Das Eckpunkte-Papier, also das Ergebnis-Dokument des Energiegipfels der Koalitionsspitzen beinhaltet folgende Aussagen zum Thema Stromtrassen:

  • Die Bundesnetzagentur sorgt dafür, dass bei der Trassenwahl die Varianten mit den geringsten Eingriffen für die Wohnbevölkerung sowie Natur und Landschaft mit einer transparenten Beteiligung der Bevölkerung ausgewählt werden. Noch stärker als bisher sollen bestehende Trassen genutzt und neue soweit wie möglich vermieden werden. 
  • Erdkabel werden bei neuen Gleichstromtrassen in der Bundesfachplanung Vorrang erhalten. Bisher hatten Freileitungen den Vorrang und Erdkabel waren die Ausnahme. Die Mehrkosten sind gerechtfertigt, da die Maßnahme zu
    mehr Akzeptanz und zu einem schnelleren Ausbau führt. Aus technischen Gründen ist der Einsatz von Erdkabeln bei Wechselstrom erheblich schwieriger und teurer. Mit zusätzlichen Pilotprojekten wollen wir Erfahrungen sammeln und die technische Entwicklung vorantreiben.

Hier bleibt viel Interpretationsspielraum. Wir können davon ausgehen, dass Tennet und die Bundesnetzagentur bereits ihre Fassung gefunden haben und sich diese nicht mit unserer decken wird. Was versteht Tennet und die BNetzA z.B. unter „verstärkter Nutzung bestehender Trassen“? HGÜ Leitungen auf bestehende Masten hängen, oder parallele HGÜ-Freileitungen aufbauen? Welcher Absatz hat für Tennet und die BNetzA die höhere Priorität? Es bleibt die Frage, wann sie die Katze aus dem Sack lassen.

Um es klar zu sagen, Vorrang für Erdverkabelung bedeutet für uns: Freileitungen nur dort, wo es aus Gründen des Naturschutzes nicht anders geht, also z.B. in Mooren (Absatz 2). Natürlich können die Erdkabel auch entlang bestehender Freileitungs-Trassen verlegt werden (Absatz 1).

Wir bleiben dran!

Hier das komplette Eckpunkte-Papier

Tricks bei dem Vorrang für Erdverkabelung?

Nach einem Artikel im Westfalen-Blatt soll der Vorrang für Erdverkabelung nur dann bestehen, sofern die Trasse nicht mit bestehenden Freileitungen gebündelt werden kann.

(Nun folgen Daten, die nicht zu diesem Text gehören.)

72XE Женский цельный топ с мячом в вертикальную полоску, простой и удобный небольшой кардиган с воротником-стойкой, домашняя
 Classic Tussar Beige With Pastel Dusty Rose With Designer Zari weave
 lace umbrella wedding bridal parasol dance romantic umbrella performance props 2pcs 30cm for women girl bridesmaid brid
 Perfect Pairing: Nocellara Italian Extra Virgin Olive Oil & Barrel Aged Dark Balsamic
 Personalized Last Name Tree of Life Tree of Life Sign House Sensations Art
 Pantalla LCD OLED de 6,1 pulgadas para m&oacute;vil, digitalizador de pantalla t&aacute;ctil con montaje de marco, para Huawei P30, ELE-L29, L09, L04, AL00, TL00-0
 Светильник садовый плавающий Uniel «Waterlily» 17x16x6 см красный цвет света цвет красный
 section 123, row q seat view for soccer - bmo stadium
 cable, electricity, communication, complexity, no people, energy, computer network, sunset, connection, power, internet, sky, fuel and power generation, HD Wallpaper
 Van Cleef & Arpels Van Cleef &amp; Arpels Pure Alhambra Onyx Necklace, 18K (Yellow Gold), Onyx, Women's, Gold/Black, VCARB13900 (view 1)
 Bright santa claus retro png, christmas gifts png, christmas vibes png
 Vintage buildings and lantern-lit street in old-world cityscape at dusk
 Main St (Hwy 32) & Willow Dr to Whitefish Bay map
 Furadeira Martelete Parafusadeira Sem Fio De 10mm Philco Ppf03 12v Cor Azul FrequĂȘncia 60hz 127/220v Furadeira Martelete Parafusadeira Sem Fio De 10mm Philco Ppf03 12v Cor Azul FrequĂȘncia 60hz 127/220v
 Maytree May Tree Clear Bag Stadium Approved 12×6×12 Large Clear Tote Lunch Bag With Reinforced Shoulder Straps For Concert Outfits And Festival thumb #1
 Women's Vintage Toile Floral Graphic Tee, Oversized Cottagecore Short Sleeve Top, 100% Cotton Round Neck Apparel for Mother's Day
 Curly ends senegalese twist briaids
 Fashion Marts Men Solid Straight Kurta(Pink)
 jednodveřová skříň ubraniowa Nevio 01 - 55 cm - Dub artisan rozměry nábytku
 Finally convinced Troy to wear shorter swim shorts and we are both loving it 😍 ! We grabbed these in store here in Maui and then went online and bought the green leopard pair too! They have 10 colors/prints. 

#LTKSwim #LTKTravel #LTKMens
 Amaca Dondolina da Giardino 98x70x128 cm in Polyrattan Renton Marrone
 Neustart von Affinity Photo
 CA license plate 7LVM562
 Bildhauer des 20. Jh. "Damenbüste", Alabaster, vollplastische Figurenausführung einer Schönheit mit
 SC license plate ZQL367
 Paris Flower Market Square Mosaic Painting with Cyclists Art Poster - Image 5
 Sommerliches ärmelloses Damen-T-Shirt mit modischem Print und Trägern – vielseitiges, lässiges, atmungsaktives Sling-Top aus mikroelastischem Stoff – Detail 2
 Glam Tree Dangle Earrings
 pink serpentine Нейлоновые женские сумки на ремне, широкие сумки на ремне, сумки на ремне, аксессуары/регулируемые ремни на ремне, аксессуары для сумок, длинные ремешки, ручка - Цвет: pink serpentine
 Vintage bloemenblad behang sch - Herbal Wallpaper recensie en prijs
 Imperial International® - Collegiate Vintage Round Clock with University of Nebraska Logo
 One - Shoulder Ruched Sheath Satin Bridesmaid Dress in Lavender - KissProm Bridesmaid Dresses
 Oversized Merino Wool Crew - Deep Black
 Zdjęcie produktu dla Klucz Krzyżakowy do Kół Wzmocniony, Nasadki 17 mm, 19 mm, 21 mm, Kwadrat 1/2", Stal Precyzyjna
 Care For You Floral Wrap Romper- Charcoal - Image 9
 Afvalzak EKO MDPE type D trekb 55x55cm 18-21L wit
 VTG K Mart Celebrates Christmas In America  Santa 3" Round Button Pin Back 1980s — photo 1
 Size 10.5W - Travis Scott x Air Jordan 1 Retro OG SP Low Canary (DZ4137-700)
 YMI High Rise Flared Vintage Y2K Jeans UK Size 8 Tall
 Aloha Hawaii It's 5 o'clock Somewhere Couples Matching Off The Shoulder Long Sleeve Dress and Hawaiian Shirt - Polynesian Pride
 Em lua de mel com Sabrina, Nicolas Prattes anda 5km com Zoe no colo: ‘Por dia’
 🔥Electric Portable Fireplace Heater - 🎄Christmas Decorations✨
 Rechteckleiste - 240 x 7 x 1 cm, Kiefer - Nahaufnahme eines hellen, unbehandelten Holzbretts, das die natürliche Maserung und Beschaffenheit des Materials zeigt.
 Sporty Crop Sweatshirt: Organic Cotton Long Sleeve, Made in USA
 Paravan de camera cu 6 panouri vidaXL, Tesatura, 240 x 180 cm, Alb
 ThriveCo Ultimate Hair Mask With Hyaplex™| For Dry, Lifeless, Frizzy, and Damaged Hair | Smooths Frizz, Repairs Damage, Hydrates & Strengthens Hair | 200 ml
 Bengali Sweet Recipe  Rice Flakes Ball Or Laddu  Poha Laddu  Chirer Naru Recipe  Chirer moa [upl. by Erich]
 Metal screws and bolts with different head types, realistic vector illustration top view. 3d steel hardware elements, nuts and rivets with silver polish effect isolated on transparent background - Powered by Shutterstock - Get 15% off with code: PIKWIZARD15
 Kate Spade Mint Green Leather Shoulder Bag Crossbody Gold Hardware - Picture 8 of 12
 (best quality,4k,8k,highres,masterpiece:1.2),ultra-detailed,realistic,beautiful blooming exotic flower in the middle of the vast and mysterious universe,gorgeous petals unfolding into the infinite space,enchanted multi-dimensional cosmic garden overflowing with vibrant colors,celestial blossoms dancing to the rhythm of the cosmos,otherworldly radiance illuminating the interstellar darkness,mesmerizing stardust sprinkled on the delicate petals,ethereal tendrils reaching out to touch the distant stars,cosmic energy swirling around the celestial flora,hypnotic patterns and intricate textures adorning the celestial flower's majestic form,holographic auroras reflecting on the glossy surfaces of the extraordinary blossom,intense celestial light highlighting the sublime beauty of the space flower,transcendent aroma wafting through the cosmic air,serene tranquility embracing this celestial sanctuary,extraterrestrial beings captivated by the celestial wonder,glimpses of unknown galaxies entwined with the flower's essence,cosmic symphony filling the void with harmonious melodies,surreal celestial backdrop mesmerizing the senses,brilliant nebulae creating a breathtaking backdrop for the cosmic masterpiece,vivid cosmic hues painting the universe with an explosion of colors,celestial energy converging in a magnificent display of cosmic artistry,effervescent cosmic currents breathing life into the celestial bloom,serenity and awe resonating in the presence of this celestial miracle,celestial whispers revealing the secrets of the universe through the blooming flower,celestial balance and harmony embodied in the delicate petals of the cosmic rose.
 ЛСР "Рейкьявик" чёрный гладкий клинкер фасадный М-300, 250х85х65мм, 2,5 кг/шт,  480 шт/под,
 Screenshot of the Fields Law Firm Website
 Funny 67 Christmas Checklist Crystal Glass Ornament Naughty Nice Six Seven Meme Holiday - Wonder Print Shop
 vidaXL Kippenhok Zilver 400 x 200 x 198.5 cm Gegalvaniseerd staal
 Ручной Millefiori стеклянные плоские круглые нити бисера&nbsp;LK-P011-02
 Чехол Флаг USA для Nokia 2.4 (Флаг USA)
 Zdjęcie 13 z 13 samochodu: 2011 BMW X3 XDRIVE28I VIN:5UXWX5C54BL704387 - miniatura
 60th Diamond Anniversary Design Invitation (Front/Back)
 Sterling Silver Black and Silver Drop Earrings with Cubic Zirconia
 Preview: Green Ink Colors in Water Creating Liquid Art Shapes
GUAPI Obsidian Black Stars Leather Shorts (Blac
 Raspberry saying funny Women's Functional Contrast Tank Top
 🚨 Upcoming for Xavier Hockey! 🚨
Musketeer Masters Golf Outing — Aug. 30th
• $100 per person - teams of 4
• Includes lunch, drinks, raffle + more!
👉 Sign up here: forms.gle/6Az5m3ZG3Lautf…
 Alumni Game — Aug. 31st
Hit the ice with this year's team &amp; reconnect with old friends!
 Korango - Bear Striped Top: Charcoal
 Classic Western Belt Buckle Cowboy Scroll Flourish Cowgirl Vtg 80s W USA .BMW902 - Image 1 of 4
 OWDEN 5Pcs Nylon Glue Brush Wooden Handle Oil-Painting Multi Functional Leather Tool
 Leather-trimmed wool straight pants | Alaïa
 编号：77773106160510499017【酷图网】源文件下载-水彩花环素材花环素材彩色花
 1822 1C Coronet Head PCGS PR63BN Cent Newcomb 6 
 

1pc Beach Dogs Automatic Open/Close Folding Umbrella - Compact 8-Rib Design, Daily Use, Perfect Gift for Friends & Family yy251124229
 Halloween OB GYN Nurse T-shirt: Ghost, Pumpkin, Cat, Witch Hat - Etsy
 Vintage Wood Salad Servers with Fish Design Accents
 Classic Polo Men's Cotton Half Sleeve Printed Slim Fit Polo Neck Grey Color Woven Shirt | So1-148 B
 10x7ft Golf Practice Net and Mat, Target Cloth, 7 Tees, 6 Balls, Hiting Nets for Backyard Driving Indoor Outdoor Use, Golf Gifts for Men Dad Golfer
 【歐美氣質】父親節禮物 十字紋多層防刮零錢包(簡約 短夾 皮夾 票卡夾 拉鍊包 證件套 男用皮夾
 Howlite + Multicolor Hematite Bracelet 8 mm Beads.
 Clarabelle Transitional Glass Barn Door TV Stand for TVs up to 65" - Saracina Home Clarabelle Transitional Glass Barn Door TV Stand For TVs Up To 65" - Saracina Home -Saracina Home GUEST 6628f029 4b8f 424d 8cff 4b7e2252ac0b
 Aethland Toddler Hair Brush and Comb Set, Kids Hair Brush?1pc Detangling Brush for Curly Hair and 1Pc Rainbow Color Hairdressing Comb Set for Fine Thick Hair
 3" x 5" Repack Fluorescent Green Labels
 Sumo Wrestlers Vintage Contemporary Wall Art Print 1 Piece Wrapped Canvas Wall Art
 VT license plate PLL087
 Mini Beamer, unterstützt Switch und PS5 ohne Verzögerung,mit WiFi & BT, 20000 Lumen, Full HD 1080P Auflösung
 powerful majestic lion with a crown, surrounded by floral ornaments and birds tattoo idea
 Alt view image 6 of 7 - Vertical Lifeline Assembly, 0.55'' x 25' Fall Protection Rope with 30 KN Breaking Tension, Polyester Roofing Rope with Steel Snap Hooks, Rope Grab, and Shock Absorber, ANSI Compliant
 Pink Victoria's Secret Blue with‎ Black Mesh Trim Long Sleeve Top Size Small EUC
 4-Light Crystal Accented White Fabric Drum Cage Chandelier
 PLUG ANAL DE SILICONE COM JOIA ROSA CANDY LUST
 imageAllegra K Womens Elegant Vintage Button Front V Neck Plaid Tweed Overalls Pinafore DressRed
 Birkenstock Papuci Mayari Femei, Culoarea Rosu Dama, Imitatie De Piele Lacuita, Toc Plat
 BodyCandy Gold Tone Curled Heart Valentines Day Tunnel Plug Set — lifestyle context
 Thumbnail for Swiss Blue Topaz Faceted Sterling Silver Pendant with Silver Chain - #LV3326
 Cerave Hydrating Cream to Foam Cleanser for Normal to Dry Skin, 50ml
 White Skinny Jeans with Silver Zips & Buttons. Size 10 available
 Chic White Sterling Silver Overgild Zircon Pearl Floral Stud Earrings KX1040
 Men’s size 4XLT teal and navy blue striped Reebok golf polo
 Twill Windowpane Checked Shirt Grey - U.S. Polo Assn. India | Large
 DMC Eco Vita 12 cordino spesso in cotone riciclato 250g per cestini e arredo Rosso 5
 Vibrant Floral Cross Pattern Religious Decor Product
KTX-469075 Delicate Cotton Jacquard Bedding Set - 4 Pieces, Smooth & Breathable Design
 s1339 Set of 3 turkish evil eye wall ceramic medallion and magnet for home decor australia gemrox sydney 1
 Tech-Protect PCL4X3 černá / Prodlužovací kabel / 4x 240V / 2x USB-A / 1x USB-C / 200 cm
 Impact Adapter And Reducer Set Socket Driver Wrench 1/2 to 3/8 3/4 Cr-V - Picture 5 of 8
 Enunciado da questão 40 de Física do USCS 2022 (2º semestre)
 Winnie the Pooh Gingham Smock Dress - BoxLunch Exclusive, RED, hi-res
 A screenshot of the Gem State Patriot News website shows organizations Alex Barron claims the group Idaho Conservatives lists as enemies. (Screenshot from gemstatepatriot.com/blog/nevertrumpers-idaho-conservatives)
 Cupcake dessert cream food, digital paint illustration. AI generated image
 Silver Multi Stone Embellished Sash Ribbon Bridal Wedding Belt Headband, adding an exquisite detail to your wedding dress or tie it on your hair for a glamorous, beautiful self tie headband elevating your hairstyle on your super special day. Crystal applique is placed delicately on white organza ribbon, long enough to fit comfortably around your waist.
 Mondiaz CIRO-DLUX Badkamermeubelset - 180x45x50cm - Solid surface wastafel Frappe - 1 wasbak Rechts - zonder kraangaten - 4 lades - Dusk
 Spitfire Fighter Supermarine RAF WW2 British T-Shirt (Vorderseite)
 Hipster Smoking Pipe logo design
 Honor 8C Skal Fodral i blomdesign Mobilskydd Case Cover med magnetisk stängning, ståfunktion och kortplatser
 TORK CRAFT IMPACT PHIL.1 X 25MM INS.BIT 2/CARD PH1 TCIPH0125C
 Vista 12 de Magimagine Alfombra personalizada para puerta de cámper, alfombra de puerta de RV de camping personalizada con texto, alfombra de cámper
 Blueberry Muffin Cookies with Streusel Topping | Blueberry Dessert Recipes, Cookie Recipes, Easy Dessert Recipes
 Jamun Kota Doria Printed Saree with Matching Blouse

Das wäre weit davon entfernt, was sich die Betroffenen von dem Ergebnis des Energiegipfels der Koalitionsspitzen erwartet hatten. Wir Betroffenen in den vielen Bürgerinitiativen werden sehr wachsam sein und sofort reagieren, sollte sich herausstellen, dass hier nur alte Ware mit neuen Etiketten verkauft werden soll.

Hier der Artikel im Westfalen-Blatt

Wenn Freileitungen wie Südlink unsere Wälder zerstören 

Dieses Video zeigt eindrucksvoll welche Mega-Schneisen beim Bau von Freileitungen der Kategorie eines Südlink durch unsere Wälder geschlagen werden. Die Aussagen der Bundesnetzagentur, man könne mit Freileitungen Wälder bequem überspannen, müssen leider als reine Beruhigungspille gewertet werden! 

Freileitungen zerstören nachhaltig mit immensen Trassenbreiten unseren Wald. Unvorstellbar, wenn bis zu drei parallele Trassen durchs Weserbergland gezogen würden, wie uns von Landwirtschaftsminister Meyer schriftlich bestätigt wurde.

Noch ist die Kuh nicht vom Eis! Wir werden wachsam bleiben und genau verfolgen, was in die Gesetzesänderung geschrieben wird. Unter welchen Kriterien werden Freileitungen erlaubt werden? Das ist die offene Flanke. Wir bleiben dran.